As we approach Easter and what that means to us.....?
When do we grow tired of Waiting?
Impatience can be a torment on our nerves. Any more the lines of waiting for our turn have become moments of “hurry up, " or why did I choose this lane to the bank, grocery store, or the confessional? Yes, even if I choose to go to confession the lines of years past have diminished, but in this world of get in and get out as quickly as I can present a ticket to ulcers or anxiety that psychologists are plentiful for tired minds.
If one has the opportunity to live with or be close to another who practices moments of impatience, then you will see just how much anxiety an impatient person can develop in a short period of time. However, there are other ways that impatience can affect many people without standing in lines for service or expected results of an effort of communication. These moments can pose a future excursion that oftentimes alludes to us since the outcome might pass us by. Such a premise of this is addressed by St. Peter: Know this first of all, that in the last days scoffers will come to scoff, living according to their own desires and saying, “Where is the promise of his coming? From the time when our ancestors fell asleep, everything has remained as it was from the beginning of creation.” They deliberately ignore the fact that the heavens existed of old and earth was formed out of water and through water by the word of God; through these the world that then existed was destroyed, deluged with water. The present heavens and earth have been reserved by the same word for fire, kept for the day of judgment and of destruction of the godless. But do not ignore this one fact, beloved, that with the Lord one day is like a thousand years and a thousand years like one day. The Lord does not delay his promise, as some regard delay, but he is patient with you, not wishing that any should perish but that all should come to repentance. But the day of the Lord will come like a thief, and then the heavens will pass away with a mighty roar and the elements will be dissolved by fire, and the earth and everything done on it will be found out. (2 Pt 3: 3 - 10). Of course, this example by Peter can be found in the Book of Revelation, which was written much later than in Peter’s time before he wrote this.

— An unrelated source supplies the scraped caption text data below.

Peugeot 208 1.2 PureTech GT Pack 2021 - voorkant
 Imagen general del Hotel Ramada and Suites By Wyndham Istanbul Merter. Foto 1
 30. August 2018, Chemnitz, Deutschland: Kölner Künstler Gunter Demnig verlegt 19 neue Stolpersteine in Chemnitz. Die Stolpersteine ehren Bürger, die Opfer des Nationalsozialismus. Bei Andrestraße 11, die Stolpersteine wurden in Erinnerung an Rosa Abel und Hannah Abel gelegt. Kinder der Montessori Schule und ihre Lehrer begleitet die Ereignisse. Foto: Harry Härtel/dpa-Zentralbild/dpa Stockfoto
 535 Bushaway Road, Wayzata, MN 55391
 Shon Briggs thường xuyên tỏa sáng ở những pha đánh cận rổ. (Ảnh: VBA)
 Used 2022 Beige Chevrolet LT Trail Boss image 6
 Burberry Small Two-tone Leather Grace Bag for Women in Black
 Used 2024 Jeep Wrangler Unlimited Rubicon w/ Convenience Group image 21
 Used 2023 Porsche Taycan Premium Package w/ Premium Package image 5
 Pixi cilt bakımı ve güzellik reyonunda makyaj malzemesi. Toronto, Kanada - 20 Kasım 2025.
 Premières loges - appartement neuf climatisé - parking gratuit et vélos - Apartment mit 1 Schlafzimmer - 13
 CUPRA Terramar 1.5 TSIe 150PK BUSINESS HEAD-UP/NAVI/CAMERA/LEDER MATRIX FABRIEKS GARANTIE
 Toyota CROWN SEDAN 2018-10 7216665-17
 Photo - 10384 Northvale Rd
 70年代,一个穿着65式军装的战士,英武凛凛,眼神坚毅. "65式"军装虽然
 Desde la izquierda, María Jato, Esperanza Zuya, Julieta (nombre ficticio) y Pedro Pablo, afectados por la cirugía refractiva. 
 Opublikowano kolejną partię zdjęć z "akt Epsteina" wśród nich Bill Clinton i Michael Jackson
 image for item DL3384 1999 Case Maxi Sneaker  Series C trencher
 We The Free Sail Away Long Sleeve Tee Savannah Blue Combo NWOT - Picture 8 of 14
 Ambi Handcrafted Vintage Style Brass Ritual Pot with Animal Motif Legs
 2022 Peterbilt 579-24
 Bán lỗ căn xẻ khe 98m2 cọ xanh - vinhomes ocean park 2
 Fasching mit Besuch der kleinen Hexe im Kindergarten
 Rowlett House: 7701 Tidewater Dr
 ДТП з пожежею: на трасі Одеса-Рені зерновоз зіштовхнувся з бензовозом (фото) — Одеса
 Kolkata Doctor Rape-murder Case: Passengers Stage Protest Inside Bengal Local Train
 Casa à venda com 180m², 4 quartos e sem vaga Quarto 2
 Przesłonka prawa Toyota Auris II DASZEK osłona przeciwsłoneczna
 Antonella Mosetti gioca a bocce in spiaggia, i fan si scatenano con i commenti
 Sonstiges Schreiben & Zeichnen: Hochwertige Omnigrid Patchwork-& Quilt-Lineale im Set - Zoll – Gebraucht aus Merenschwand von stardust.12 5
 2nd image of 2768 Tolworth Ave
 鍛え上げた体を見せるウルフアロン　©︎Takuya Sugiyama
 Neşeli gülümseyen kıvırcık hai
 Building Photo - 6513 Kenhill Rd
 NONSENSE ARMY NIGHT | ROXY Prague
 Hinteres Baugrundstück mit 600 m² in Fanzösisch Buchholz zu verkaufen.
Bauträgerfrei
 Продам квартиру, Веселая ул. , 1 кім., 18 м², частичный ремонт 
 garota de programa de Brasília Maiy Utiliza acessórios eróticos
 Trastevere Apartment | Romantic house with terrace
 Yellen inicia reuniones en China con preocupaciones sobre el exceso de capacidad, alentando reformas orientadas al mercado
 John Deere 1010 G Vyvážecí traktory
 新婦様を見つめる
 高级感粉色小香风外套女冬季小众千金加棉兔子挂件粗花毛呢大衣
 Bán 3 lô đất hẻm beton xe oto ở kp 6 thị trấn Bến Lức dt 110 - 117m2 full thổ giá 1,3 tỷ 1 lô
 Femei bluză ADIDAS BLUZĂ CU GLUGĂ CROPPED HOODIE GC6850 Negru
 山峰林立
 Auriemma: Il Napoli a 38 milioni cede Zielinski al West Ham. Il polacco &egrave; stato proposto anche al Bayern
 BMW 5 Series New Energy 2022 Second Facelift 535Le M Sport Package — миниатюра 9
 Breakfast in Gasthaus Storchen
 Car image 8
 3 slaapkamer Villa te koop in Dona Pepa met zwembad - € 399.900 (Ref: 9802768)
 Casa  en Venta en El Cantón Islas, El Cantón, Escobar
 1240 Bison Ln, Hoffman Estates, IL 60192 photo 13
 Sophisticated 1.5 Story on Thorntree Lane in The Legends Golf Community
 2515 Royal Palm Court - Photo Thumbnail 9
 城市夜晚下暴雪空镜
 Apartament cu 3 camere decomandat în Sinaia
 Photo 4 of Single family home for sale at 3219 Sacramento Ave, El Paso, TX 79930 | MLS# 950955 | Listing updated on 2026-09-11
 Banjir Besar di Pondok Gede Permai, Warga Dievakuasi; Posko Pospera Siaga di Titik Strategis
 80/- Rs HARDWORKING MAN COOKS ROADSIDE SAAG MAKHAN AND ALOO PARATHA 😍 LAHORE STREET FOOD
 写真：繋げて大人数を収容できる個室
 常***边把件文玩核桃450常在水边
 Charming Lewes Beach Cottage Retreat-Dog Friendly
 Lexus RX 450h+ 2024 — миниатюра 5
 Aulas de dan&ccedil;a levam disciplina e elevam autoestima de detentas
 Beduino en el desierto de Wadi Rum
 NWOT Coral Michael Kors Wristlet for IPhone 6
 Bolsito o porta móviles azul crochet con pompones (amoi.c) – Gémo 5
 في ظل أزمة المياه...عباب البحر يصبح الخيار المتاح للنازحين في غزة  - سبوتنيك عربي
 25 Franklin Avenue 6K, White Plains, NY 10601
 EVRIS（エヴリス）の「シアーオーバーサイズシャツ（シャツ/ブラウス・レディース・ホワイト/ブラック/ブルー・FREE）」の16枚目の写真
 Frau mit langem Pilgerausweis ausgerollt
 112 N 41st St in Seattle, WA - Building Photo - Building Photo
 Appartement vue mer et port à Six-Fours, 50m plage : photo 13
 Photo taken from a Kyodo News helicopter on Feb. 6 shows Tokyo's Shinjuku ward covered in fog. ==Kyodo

This script by St. Peter is synonymous with the very manner people have been living almost 2,000 years after the teaching of Jesus and the same exhortation that Peter wrote about. Today, too many people do not believe the words of modern prophecy regarding the period of history that awaits us and God’s final judgment on man’s ultimate rejection of all he created and man destroyed the very world God freely gave him. This patience or disbelief of it is on its way and it may be here sooner than any of us expect.
What Peter wrote about was 2,000 years before our encounter from the Books o fDaniel and Revelation predicting the ultimate accounting that is soon upon us in 2025.
Has our patience also run dry by not believing the predictions that are coming true, maybe in our present time of history? For the impatient perhaps the awaited opening of a mystery known only to God, the Father, will suddenly become a reality and their asking when? “will be now.”